Born on November 28, 2012, Quinn passed away on October 25, 2013, after succumbing to Aicardi-Goutiérres Syndrome.
Quinn was born an apparently healthy, six-pound, two-ounce baby who was, her parents say, “sweet and alert but also sometimes demanding.” When she was two months old, she “began to cry continuously and inconsolably, sometimes lasting 18 hours a day.” By four months, she had lost the ability to “breastfeed or suck from a bottle. It got to the point where she was being fed by dripping milk into her mouth with a syringe.” When she was six months old, Quinn began suffering seizures every 30 minutes. Only after getting the seizures under control were doctors finally able to diagnose her with AGS, an extremely rare condition affecting some 200 people worldwide.
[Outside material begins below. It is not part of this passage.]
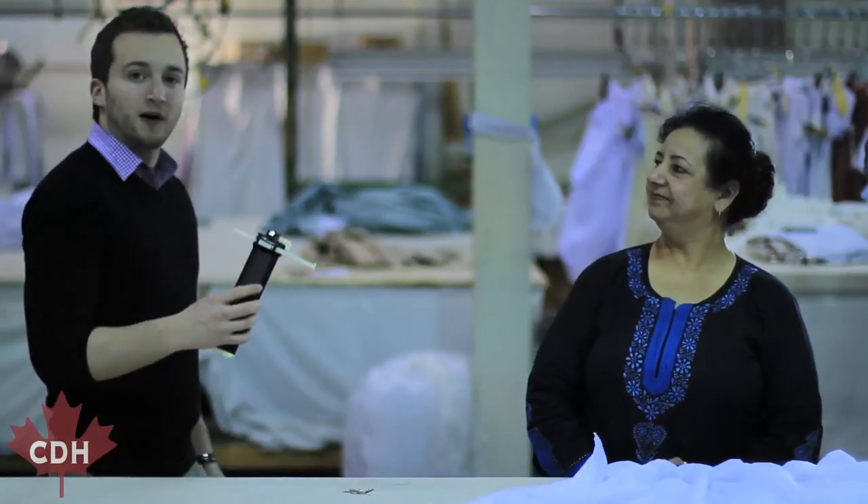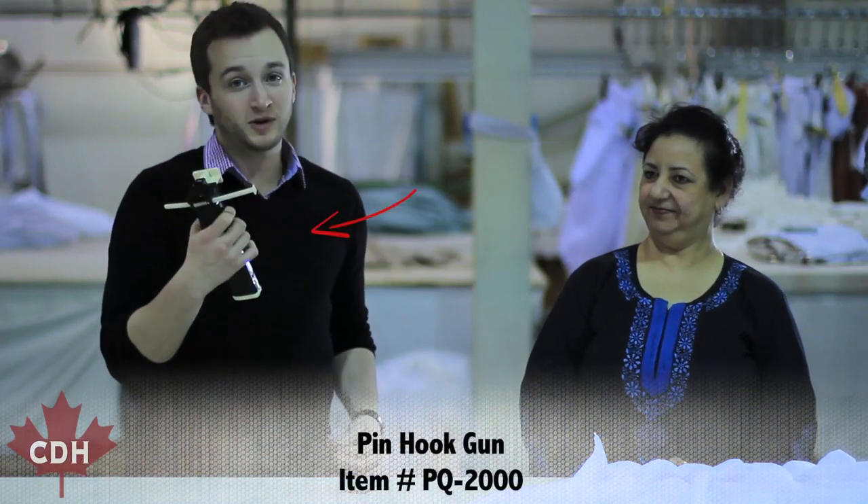So using our pin hook gun, Osha will demonstrate how to apply the pin hook to the pleat.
Over time, Quinn “lost her vision as well as the skills she had learned and developed since birth.” Her parents worked with therapists to help Quinn “learn to shake a rattle, grasp a ball, roll to her side, and eat baby food.” She was making good progress in her therapy until she took a sudden turn; her heart failed, and she passed away.
Among her parents’ memories of Quinn: “She loved to be touched and held. She was instantly comforted by being snuggled by her loved ones. She loved to be sung to and to hear stories. She had eclectic taste in music—she enjoyed everything from Metallica to the Beatles.”